I'm working with a fairly large dataset. The uncompressed CSV is about 20 GB. I'm trying to use Dask, but am not very familiar with it. I usually use Pandas. I'm trying to drop rows where the number of instances of a particular value in a column are less than a certain threshold. Here is an example:
Original dataset:
|icao | callsign | reg | acftType |
|-------| -------- |------- | -------- |
|abcdef | ETH720 | ET-ASJ | B738 |
|abcdef | ETH720 | ET-ASJ | B738 |
|abcdef | ETH720 | ET-ASJ | B738 |
|123456 | IBE6827 | EC-LUK | A333 |
|123456 | IBE6827 | EC-LUK | A333 |
|789ghi | FRH571 | OO-ACE | B744 |
|789ghi | FRH571 | OO-ACE | B744 |
|789ghi | FRH571 | OO-ACE | B744 |
|789ghi | FRH571 | OO-ACE | B744 |
If the threshold is 3, the resulting dataframe would be:
|icao | callsign | reg | acftType |
|-------| -------- |------- | -------- |
|abcdef | ETH720 | ET-ASJ | B738 |
|abcdef | ETH720 | ET-ASJ | B738 |
|abcdef | ETH720 | ET-ASJ | B738 |
|789ghi | FRH571 | OO-ACE | B744 |
|789ghi | FRH571 | OO-ACE | B744 |
|789ghi | FRH571 | OO-ACE | B744 |
|789ghi | FRH571 | OO-ACE | B744 |
I found a way to do it, but it seems very convoluted. I feel like there should be a simpler way. In Pandas it would be this:
threshold = 3
inputFrame = inputFrame.groupby('icao').filter(lambda x: len(x) >= threshold)
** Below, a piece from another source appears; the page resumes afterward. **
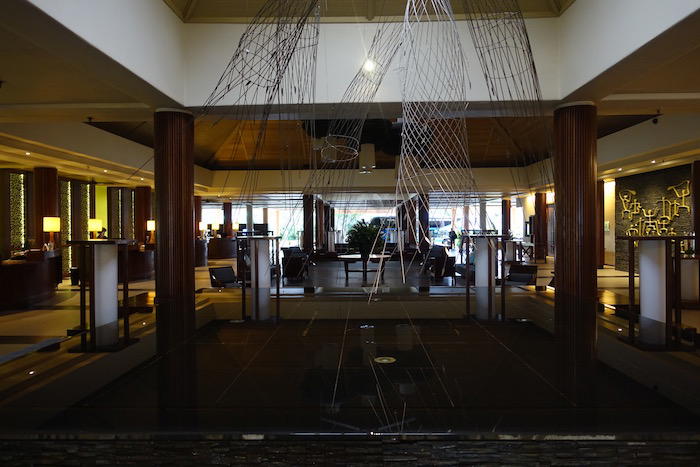 Sheraton-Fiji-Resort - 5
However, there is no filter() in Dask. Here is the convoluted code that I got to work:
threshold = 3
a = inputFrame.groupby('icao').count().reg
a = a.to_frame()
a = a.rename(columns={'reg':'count'})
inputFrame = inputFrame.merge(a, how='left', on='icao')
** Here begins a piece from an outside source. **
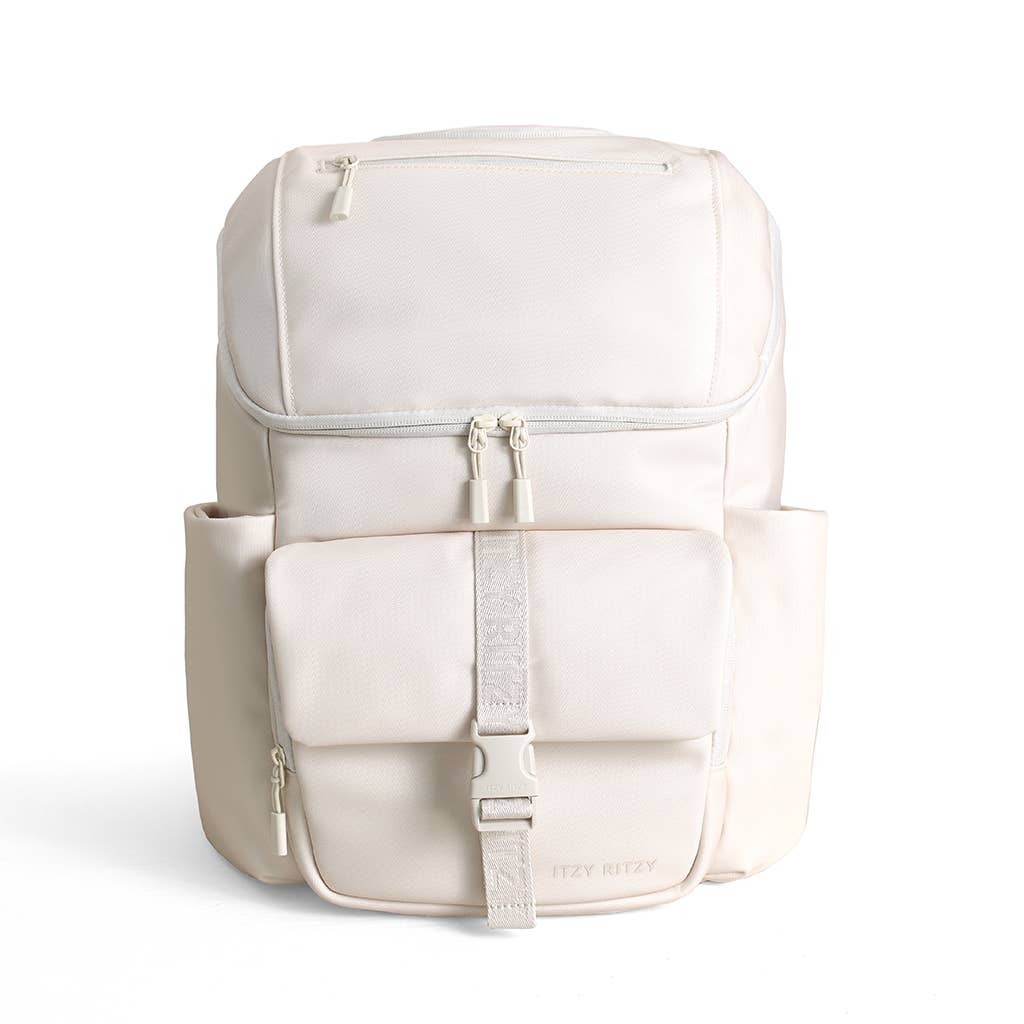 Belong Bucket Backpack™ Modern Unisex Backpack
inputFrame = inputFrame[(inputFrame['count'] >= threshold )]
Is there an easier way to do this?
CodePudding user response:
The answer to this question may depend on the definition of 'easier', but here are two alternative ways to do it:
Strategy #1: Build icao
series up with dummy column for groupby and count, join with initial df, then drop dummy column.
threshold = 3
inputFrame = inputFrame.join(
inputFrame.icao.to_frame().assign(DROPME=0).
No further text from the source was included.